> [EXERCISE REQUIREMENTS]
Without copying any picture, return all lines below exactly.

============

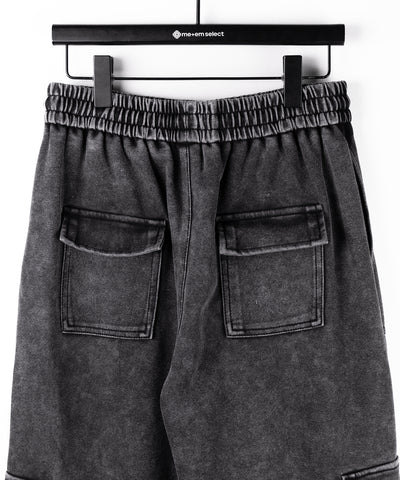 ピグメントヴィンテージヘビーワイドカーゴスウェットパンツ ／ pigment vintage heavy wide cargo sweatpants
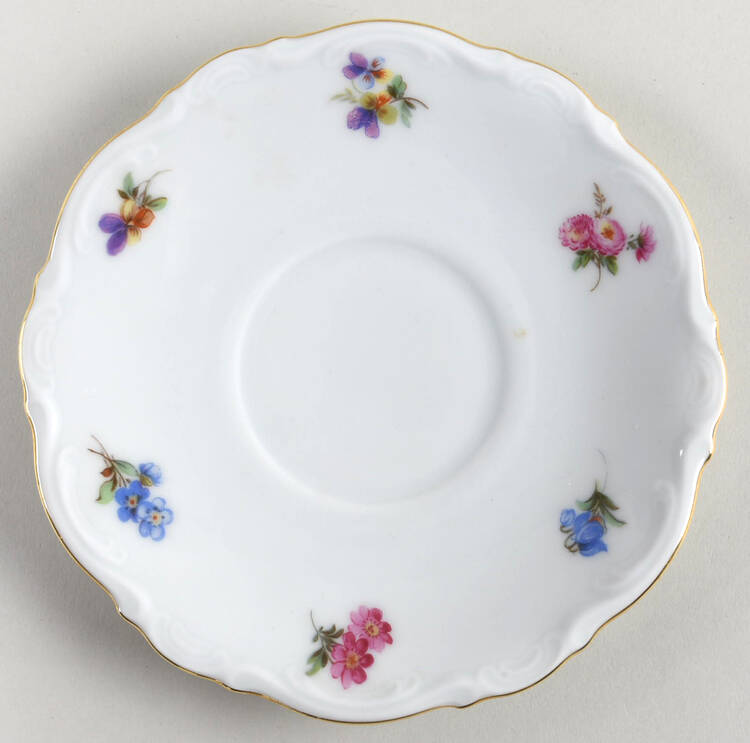Meissen Floral Saucer for Footed Cup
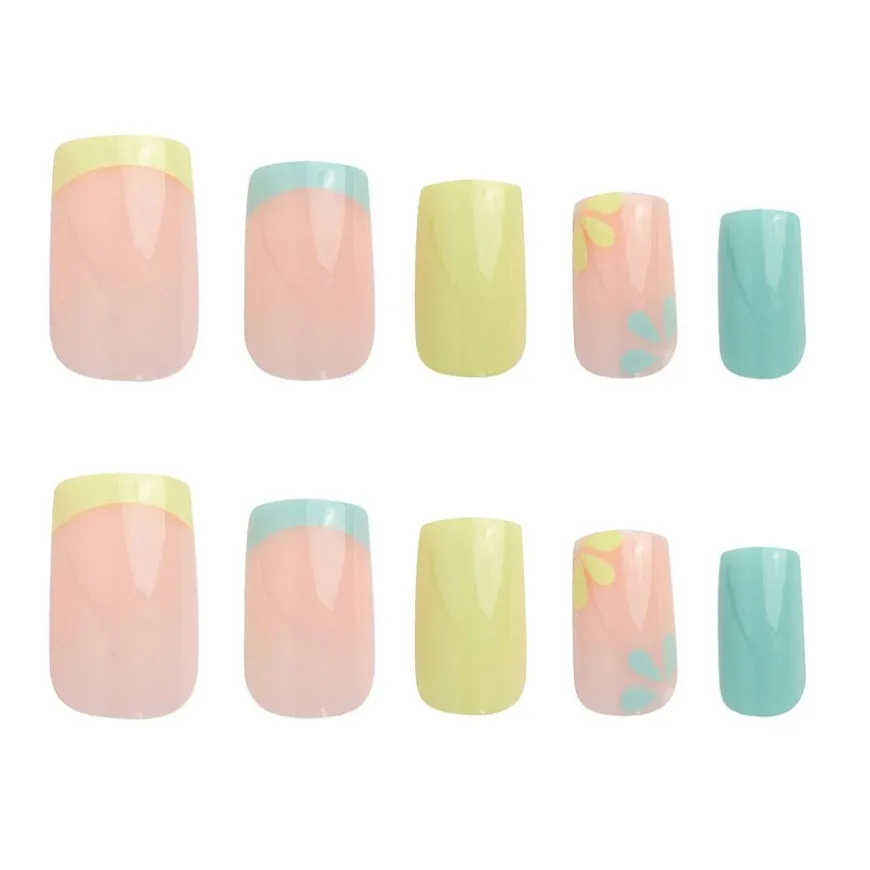 Groovy Baby Nails Square Nails 24pcs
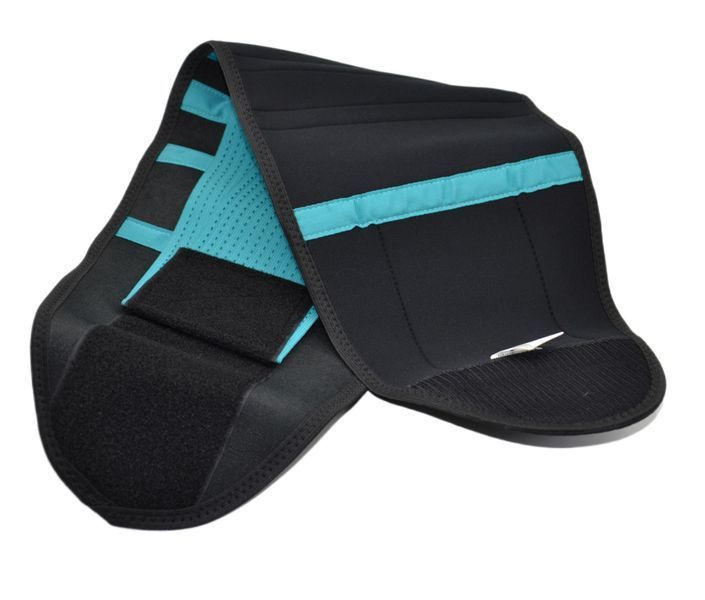 Пояс компресійний MadMax MFA-277 Slimming belt Black/turquoise M MFA-277-TRQ_M фото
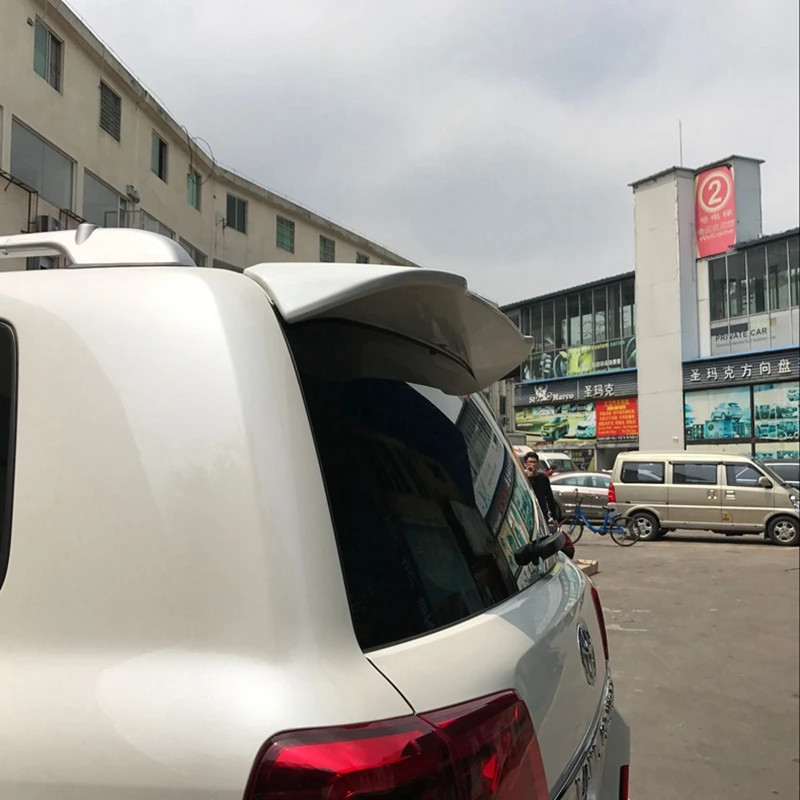 Для Toyota Land Cruiser Prado LC200 LC 200 ABS пластмассовый задний спойлер land cruiser спойлер грунт или DIY Цвет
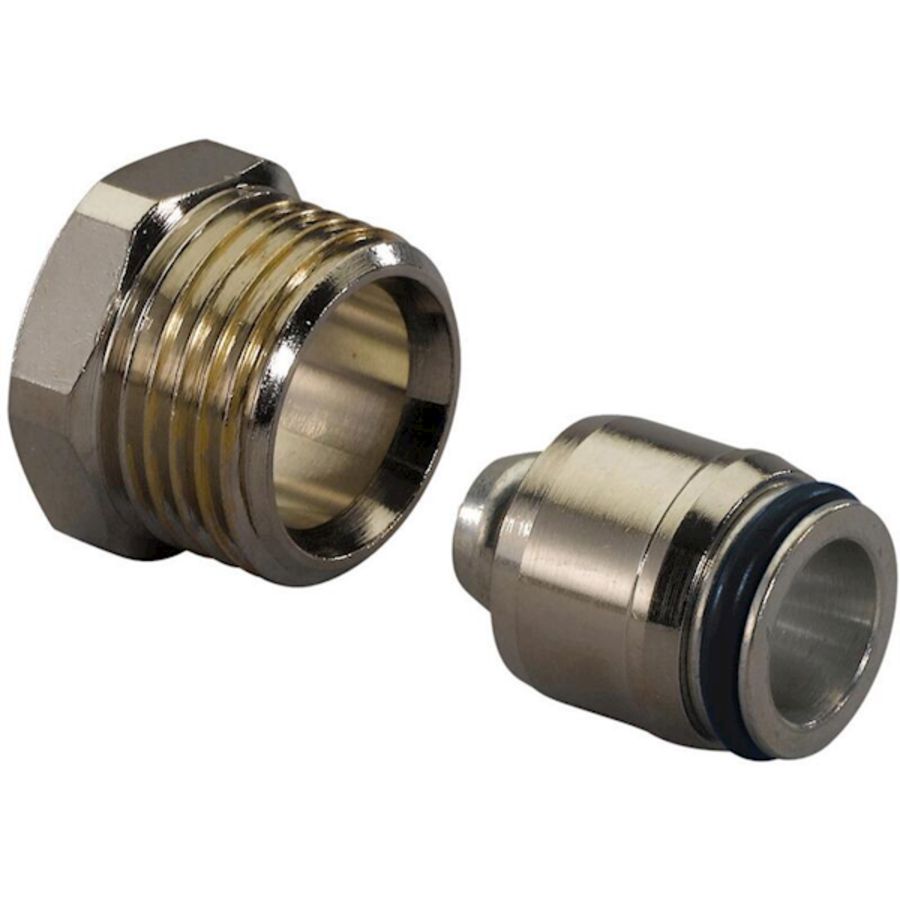 Schroefkoppeling MLC tbv Oventrop 16x2mm-1/2"bt. Uponor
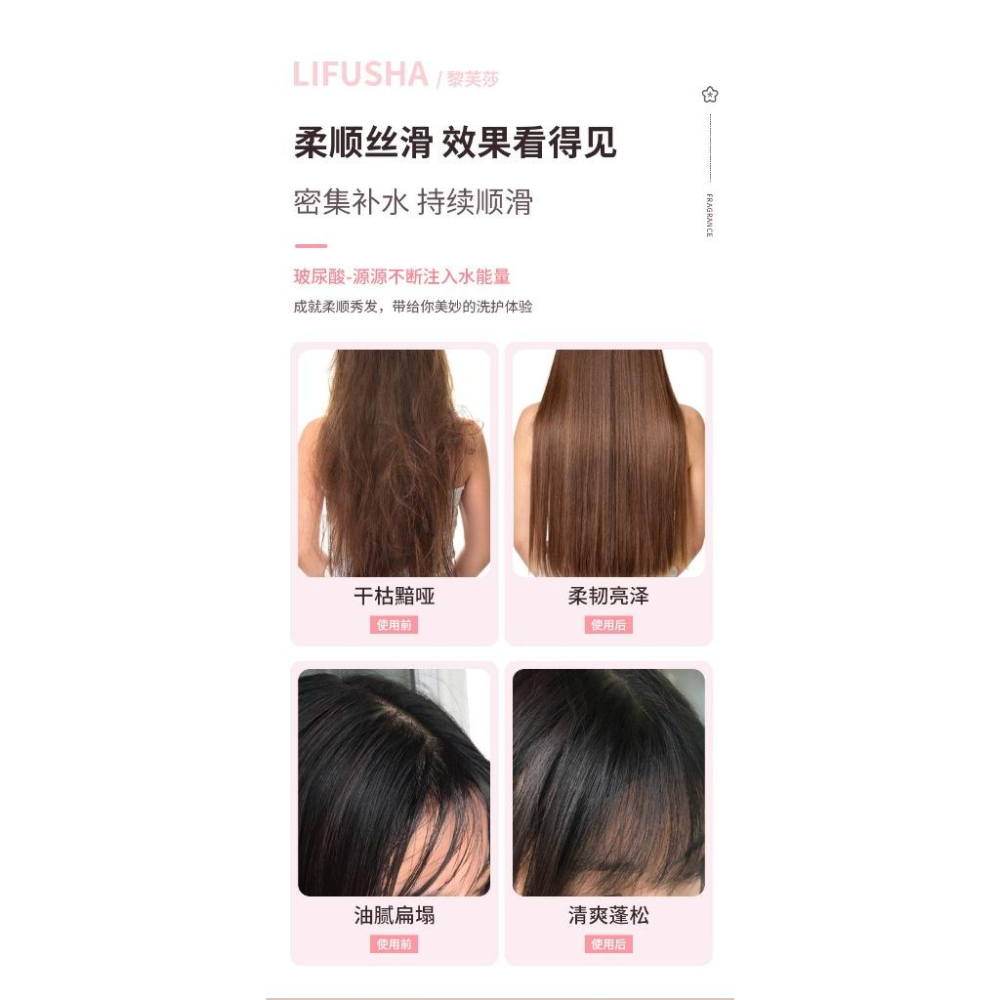 @台灣現貨✨ 梨芙莎V7沐浴組✨ 玻尿酸 保濕因子 密集補水 補水滋養 香水沐浴乳-細節圖6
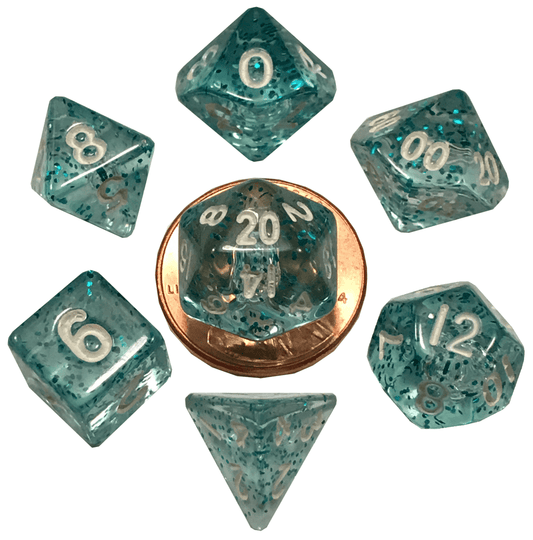 10mm Mini Dice Acrylic Polyhedral Set (24 Options)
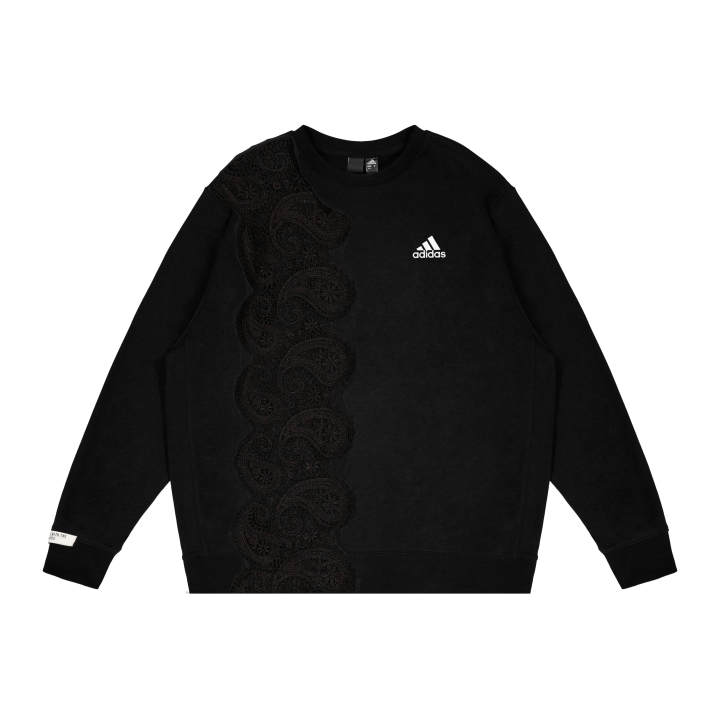Adidas Adidas LABEL Sweatshirts Unisex Black Crew Neck Moderate Regular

============

> [RESPONSE BELOW]
 ピグメントヴィンテージヘビーワイドカーゴスウェットパンツ ／ pigment vintage heavy wide cargo sweatpants
Meissen Floral Saucer for Footed Cup
 Groovy Baby Nails Square Nails 24pcs
 Пояс компресійний MadMax MFA-277 Slimming belt Black/turquoise M MFA-277-TRQ_M фото
 Для Toyota Land Cruiser Prado LC200 LC 200 ABS пластмассовый задний спойлер land cruiser спойлер грунт или DIY Цвет
 Schroefkoppeling MLC tbv Oventrop 16x2mm-1/2"bt. Uponor
 @台灣現貨✨ 梨芙莎V7沐浴組✨ 玻尿酸 保濕因子 密集補水 補水滋養 香水沐浴乳-細節圖6
 10mm Mini Dice Acrylic Polyhedral Set (24 Options)
Adidas Adidas LABEL Sweatshirts Unisex Black Crew Neck Moderate Regular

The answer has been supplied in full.